白居易曾作《忆江南》,中有一好句:“日出江花红胜火,春来江水绿如蓝,能不忆江南?”然而,一旦精神的春暮贸然闯入生命,再鲜活的心也会陡然苍老,视线中只剩下落红在凄风苦雨中盘旋。

宋孝宗即位后,以强硬的姿态立下恢复中原之志,将北伐提上日程,随后秦桧党人被赶出朝廷,岳飞得到平反,以张浚为首的主战派得到重用。这仿若是一缕暖流,送走了冰冻九尺的寒冬,吹来了桃李压枝的春日。于辛弃疾而言,这更像是鲤鱼挣开了水草的羁绊,跳出龙门又成指日可待的大事。

但偏偏龙门并不为所有鲤鱼而开,就算他剪断了这一丛水草,还有另一簇来纠缠。当他将缜密完善的“分兵杀虏”的北伐计划双手呈给此时已是江淮宣抚使的张浚时,却得到“某只受一方之命,恐不能主之”的冷峻答复。战役打响时,他只得在江阴按兵不动。一年之后,南宋军在符离之地,旌旗倒戈,血流成河。“符离之败”后,恢复中原的呼声,好似木兰舟驶入浅水,纸鸢邂逅了微风,慢慢搁浅。
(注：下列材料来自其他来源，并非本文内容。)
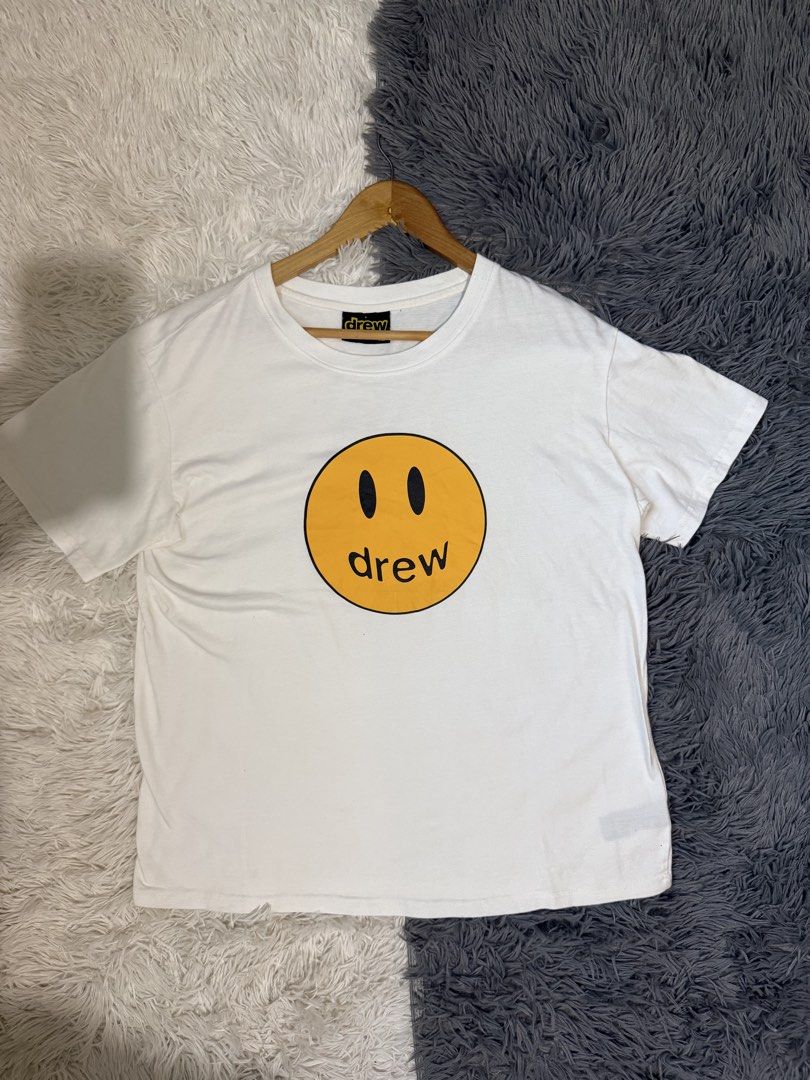 Drew House Mascot SS Tee White XL (Category: Tshirts & Polo Shirts ) located in Manila. Submitted by keepercollection (Listing ID 1470587807, Image 1). Description: - Brand: Drew House - Style: Short sleeve t-shirt - Color: White with iconic yellow smiley face graphic - Size: XL (Tag at collar) - Measurements: Pit to pit 22.5 inches, Length 27 inches - Condition: Excellent - Mode of Payment: GCash, Bank Transfer - Shipping: Via J&T Express or LBC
辛弃疾在这座充盈着太多故事的城市中,慢慢疗伤。哀莫大于心死,辛弃疾此时的心被这清明时节的雨渐渐洇湿。自他来到南方,已有两年的光景。婉转的鸟鸣、绚丽的晚霞、清幽的环境,从来不曾给他半点儿安慰。日日也只用寂寞填充寂寞,用孤单弥补孤单。脚下的每块青砖,屋檐上的每块碧瓦,墙角处斑驳的苔藓,都是他萧索的光阴,而他最渴望的战场,却从未出现他的身影。

清明时节的雨,不同于夏日来得匆匆去得也急的暴雨,它细如蚕丝,绵似锦缎,滴滴答答地就润进了人们心窝。窗前的人,并不是看雨,而是听雨,连带听世间与自己的心事。经了委婉但并不绵软的小雨之后,通往门外的小径上,便是零零落落的花瓣。物皆着我色彩,在辛弃疾看来,这“一番狼籍”的场景,正是南宋这盘输掉的棋局。
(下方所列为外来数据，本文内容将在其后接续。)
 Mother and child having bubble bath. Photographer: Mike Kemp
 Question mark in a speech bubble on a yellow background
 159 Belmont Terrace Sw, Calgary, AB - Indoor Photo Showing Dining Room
朝花夕拾,捡到的尽是枯萎。散落在地上的残红损粉,已逐流水而去,只剩碧青的枝叶在园中,跳着孤寂的舞蹈。这般感觉想来李清照也是深有体会的,经了一夜风雨的海棠,定然是不堪蹂损而残红狼藉,但仍是小心翼翼、惴惴不安地“试问”海棠状况,丫鬟虽答“海棠依旧”,而她深知此时已是“绿肥红瘦”。辛弃疾将婉转的“绿肥红瘦”四字,敷衍为十四字联语,去陈言翻新意,婉转未失,又见骨力。所谓站在前人的肩膀上,实在是看得远、看得深。
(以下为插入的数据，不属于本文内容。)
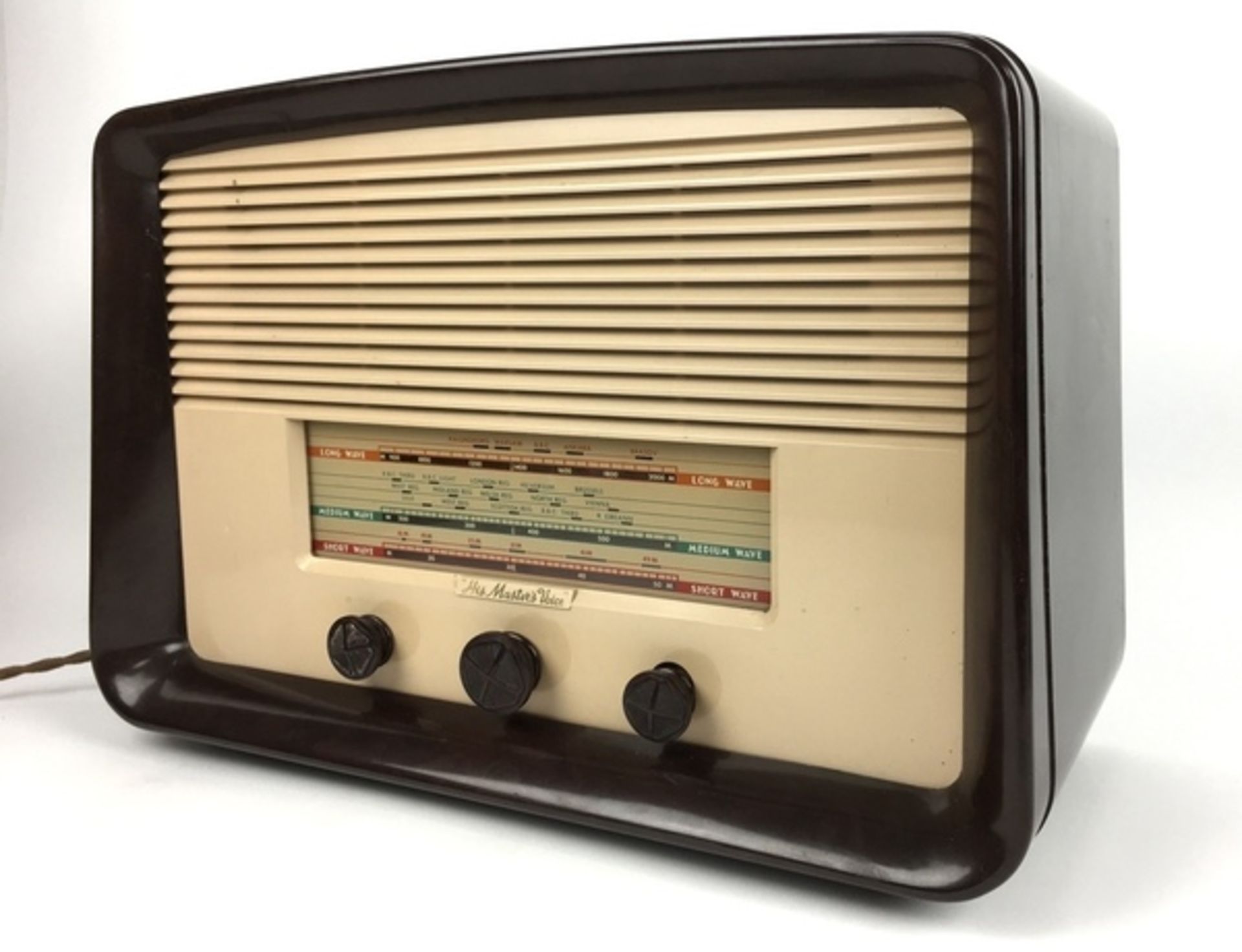 (Curiosa) Radio “His Master’s Voice” Bakelieten radio "His Master's Voice" model 1128. Ci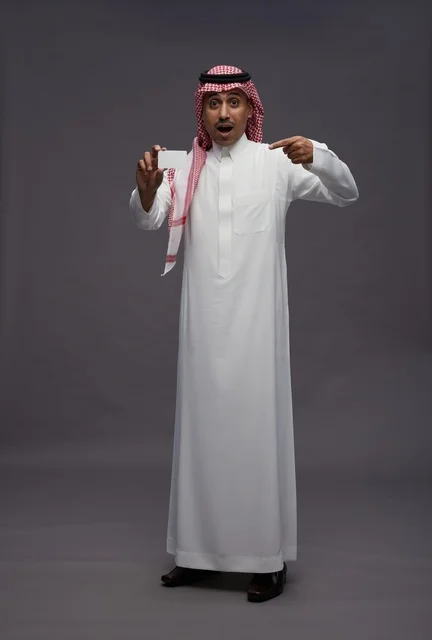 رجل سعودي يحمل بطاقة ائتمان بتعبير مندهش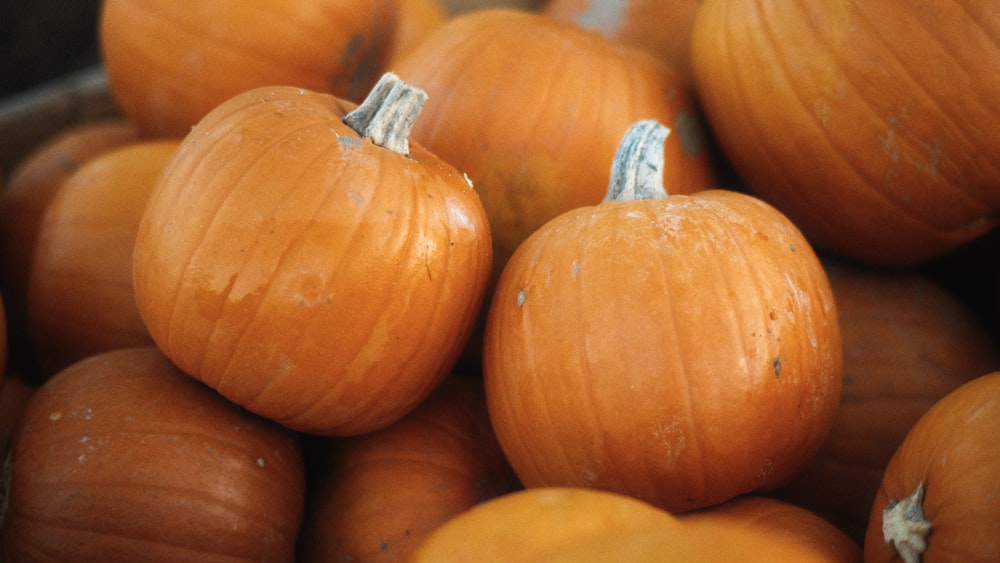 a pile of pumpkins sitting on top of each other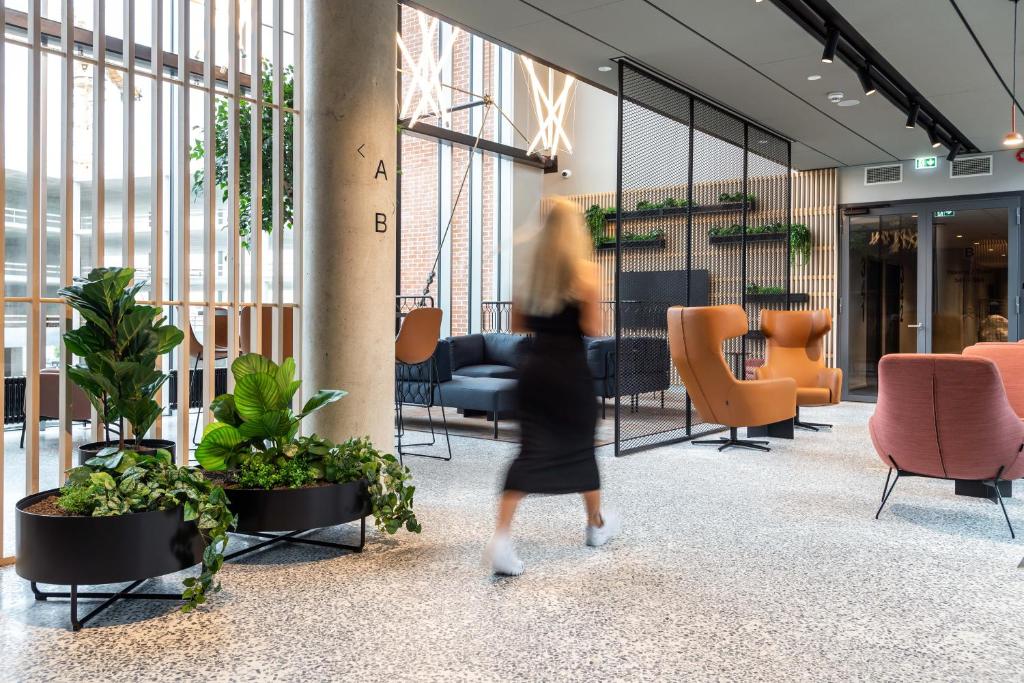 塔林Citybox Tallinn City Center的一位带着植物和椅子穿过大厅的女人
花朵向来只开一季便随风而落,自然不若清阴密叶坚韧壮盛。刺桐花也是如此,年年开年年落,欲要抵挡自然的风雨,终究是“寒无力”。可叹满腹兵法、文韬武略的辛弃疾,还未走出冬日,便又被清明时节的雨浇了个透心凉。

所谓物以类聚、人以群分,人在失意或是得意时,往往去与自己境遇相似的古人那里寻求安慰。屈原有“惟草木之零落兮,恐美人之迟暮”之句,将楚王的赏识比为在水一方的美人,无论溯洄从之或溯游从之,都不能寻到伊人的踪影。而辛弃疾把渴望得到宋孝宗的赏识,喻为对美人的思念,正与屈原的“香草美人”传统相契合。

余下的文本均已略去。